Garrett E. Eriksen takes a look at the uniforms and insignia worn by the Waffen-SS during the Ardennes Offensive
By 1944 the war was all but lost for Nazi Germany and one last, big push was all Hitler could muster. Known as the Battle of the Bulge, it took place in the Ardennes region of eastern Belgium. Many units would be involved in the offensive and the Waffen-SS played a major role as Hitler’s most trusted divisions.

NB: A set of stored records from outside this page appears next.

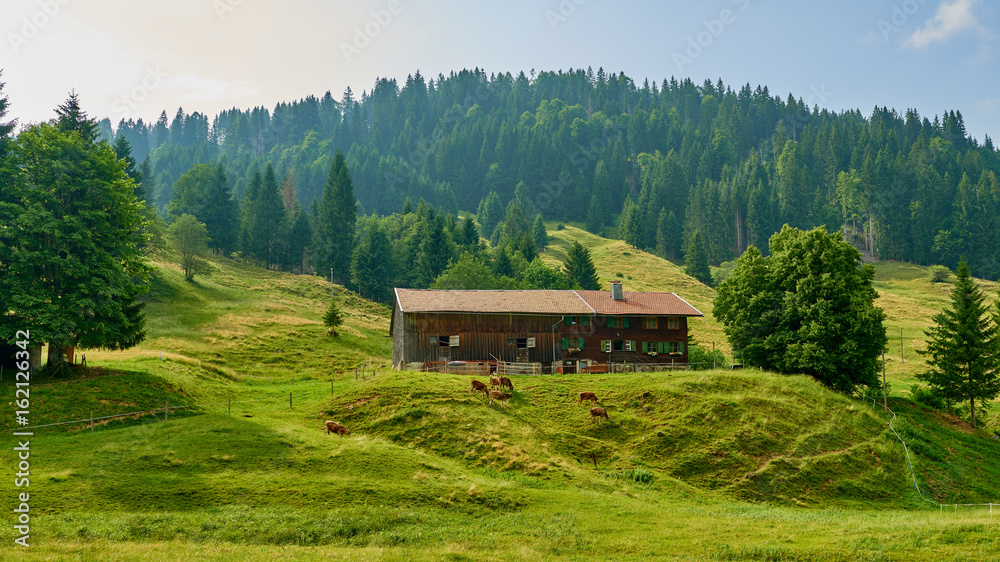 Bergbauernhof - Bauernhof mit Kühen in den Allgäuer Alpen, Gunzesried, Bayern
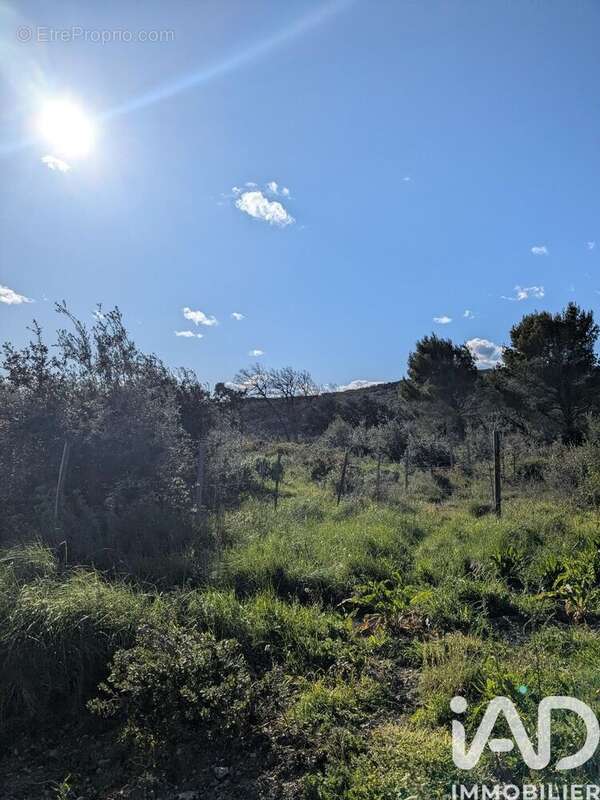 Photo 4 - Terrain à CASTILLON-DU-GARD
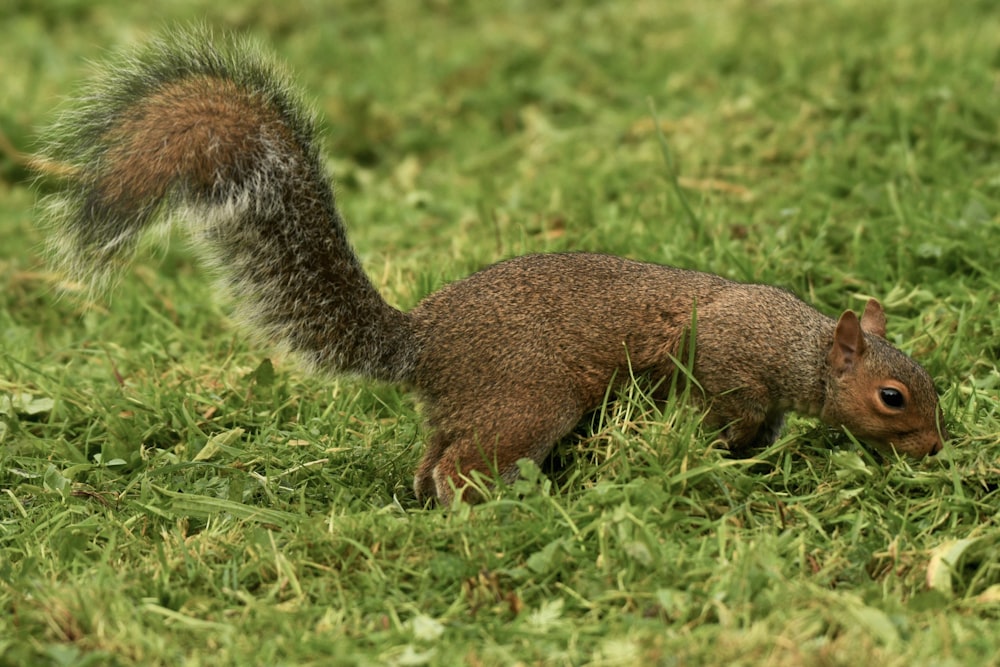 Ein kleines Eichhörnchen steht im Gras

The SS was formed as a protection force for Adolf Hitler during his rise to power. The Schutzstaffel (Protection Squadron) was divided into two divisions: the Waffen-SS (Armed SS) and the Allgemeine-SS (General SS). The latter was responsible for enforcing and institutionalising the doctrine and policies of the Nazi Party, including those of racial discrimination. From this division of the SS came the infamous SS-Totenkopfverbände, the Death’s Head Unit, which was responsible for Hitler’s concentration camps, exterminations, assassinations and other similar duties. Further divisions of the Allgemeine-SS include the notorious Gestapo units (Secret Police) and Sicherheitsdienst (Security Services), all aimed at ensuring that Nazi Party doctrine was enforced and impressed upon the masses. The Allgemeine-SS was never involved in direct combat but rather was responsible for social administration, security, punishment, enforcement and similar home duties for those living under German rule. Heinrich Himmler is the most famous member of the SS and he was personally responsible for ensuring that the grip of the SS was widespread and absolute.

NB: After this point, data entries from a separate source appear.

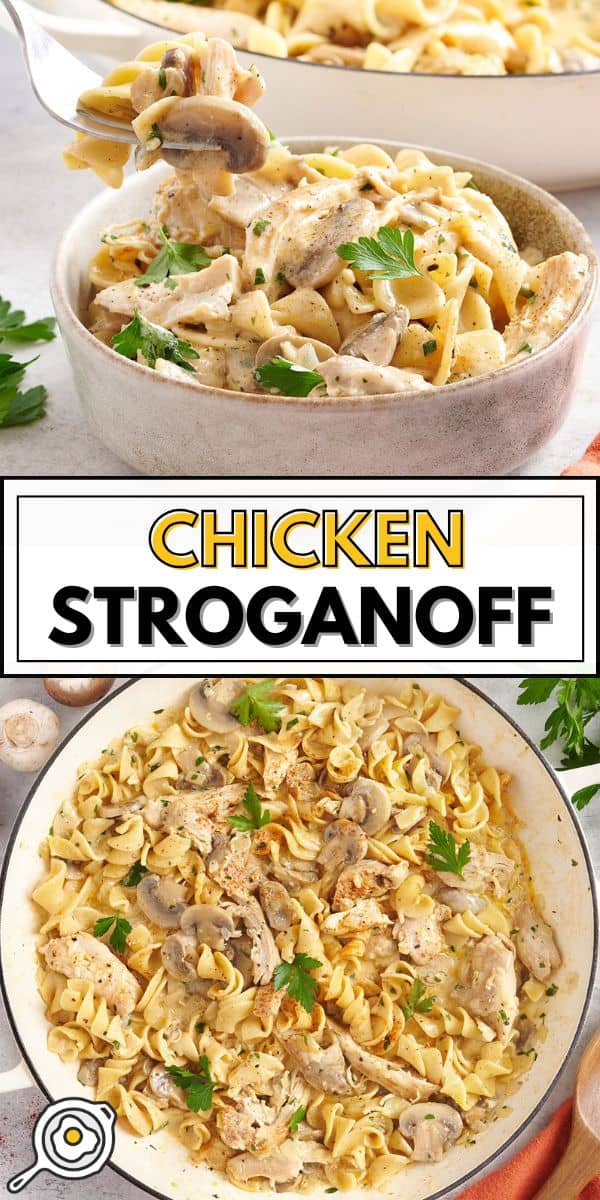 image d’épingle de poulet stroganoff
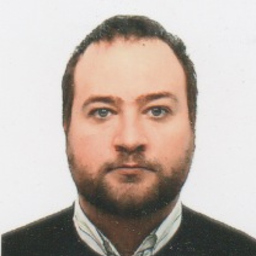 Raúl Pedroche Novillo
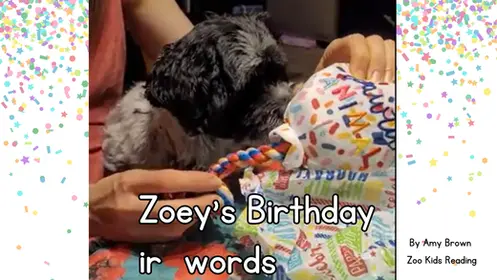 Zoey's Birthday: ir words eBook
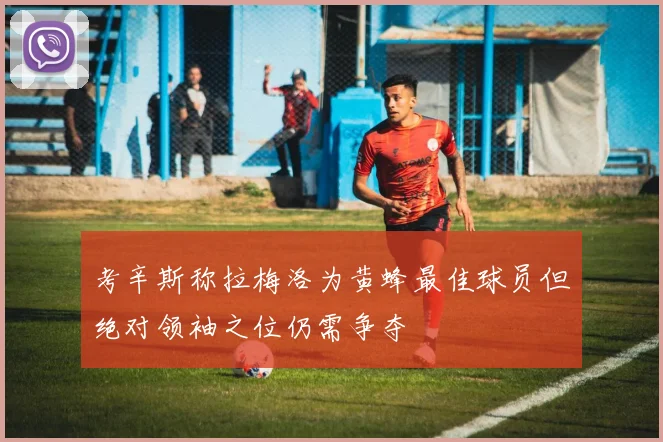 考辛斯称拉梅洛为黄蜂最佳球员但绝对领袖之位仍需争夺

The Waffen-SS, however, was the armed wing of the SS and had many well-equipped and highly trained elite soldiers in its units. A force numbering around 900,000 men, the SS had elite units in Panzer divisions, as well as Panzergrenadier, infantry and even cavalry detachments. Despite a more army doctrine approach, the SS was still under the control of Himmler, so even here he had a division dedicated to security for newly occupied territories which reported only to him: the Kommandostab Reichsführer-SS (Command Staff Reichsführer-SS).

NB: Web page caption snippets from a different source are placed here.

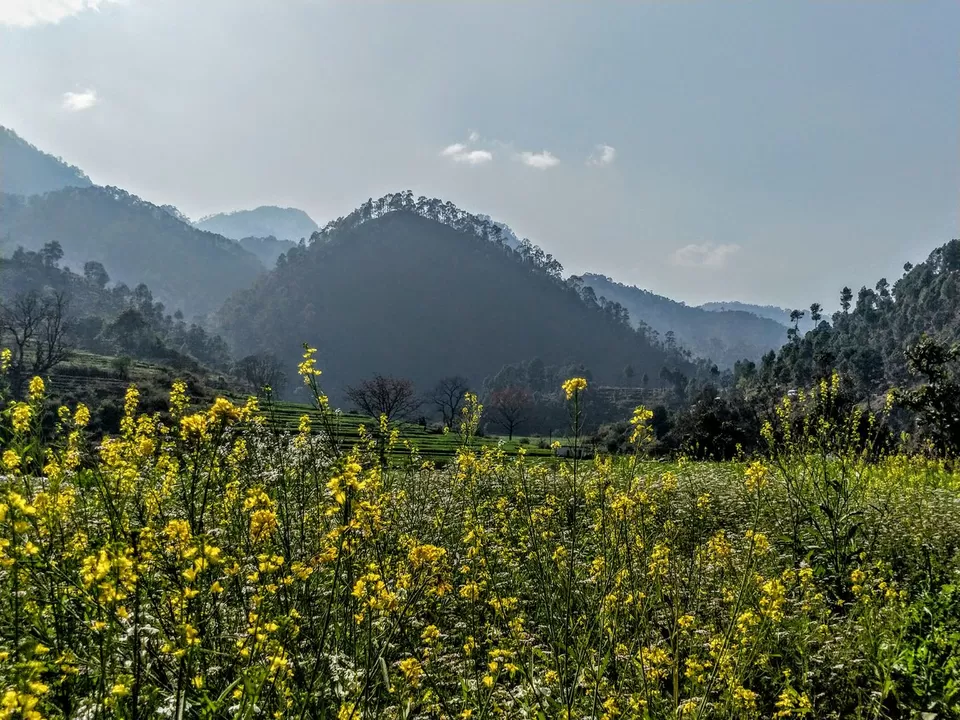 Photo of इम्पीरियल हाइट्स, Crank's Ridge, Almora-Bageshwar Road, Balt Bari, Uttarakhand, India by Rupesh Kumar Jha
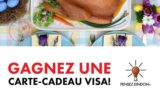 10 cartes prépayées Visa de 100 $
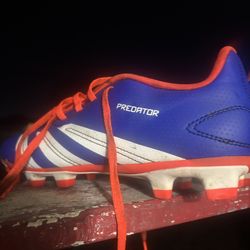 Adidas preds size 8
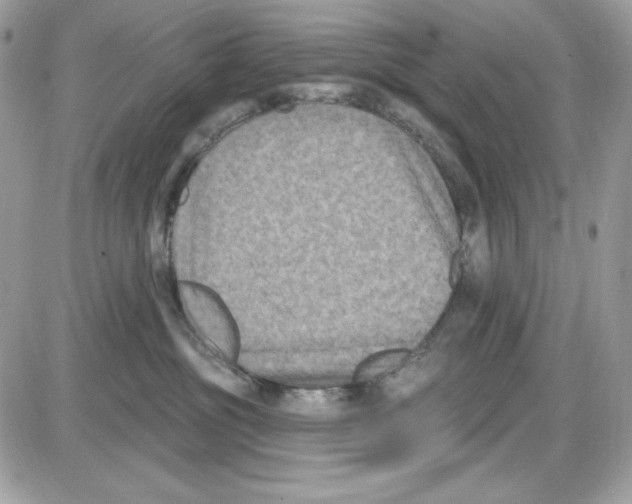 X0000085820381200704132018
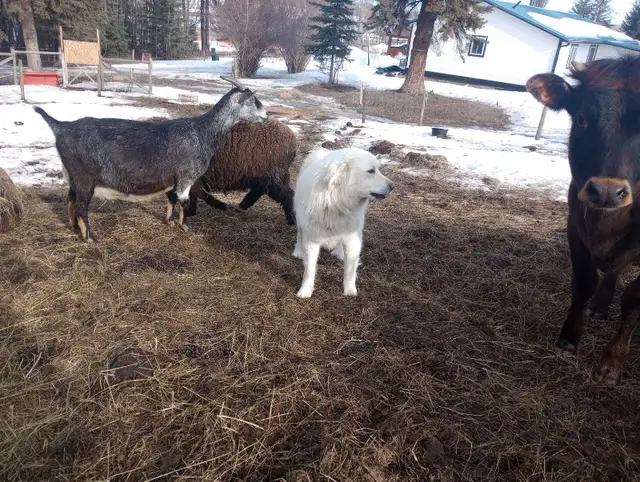 Livestock Guardian Dog - Photo 6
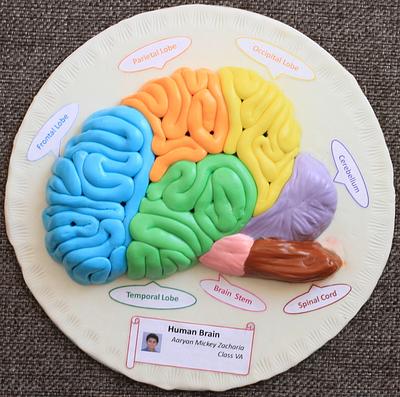 Human Brain with Fondant - Cake by Swapna Mickey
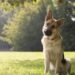 Por que cães e gatos inclinam a cabeça quando você fala com eles?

There were many SS divisions, but possibly the most notable at the Ardennes Offensive was the LSSAH. The 1st SS Panzer Division Leibstandarte SS Adolf Hitler (LSSAH) began as Adolf Hitler’s personal bodyguard and had some of the most trusted men in the NSDAP when it first began. Eventually, this regiment grew to the point of becoming its own Panzer division and joined in several invasions of different countries and territories during the course of the war.
The black uniform
Collectors should note that black uniform for the Allgemeine-SS was mostly worn during 1932-36 and was phased out in the following years, becoming rarer as the war progressed. These uniforms are often erroneously used in films and other sources due to their iconic nature, despite the anachronism of their presence after 1936. The Panzer division of the Waffen-SS, however, made use of a black uniform throughout the war but towards the end of the conflict would mix-and-match their uniform with other, more practical colour options. The rest of the Waffen-SS would make use of similar colour tones to other Wehrmacht divisions, notably the field grey/green and sometimes camouflage, depending on division. In terms of the Allgemeine-SS uniforms, it is worth briefly mentioning them for context but they will not form part of this uniform collectors’ article.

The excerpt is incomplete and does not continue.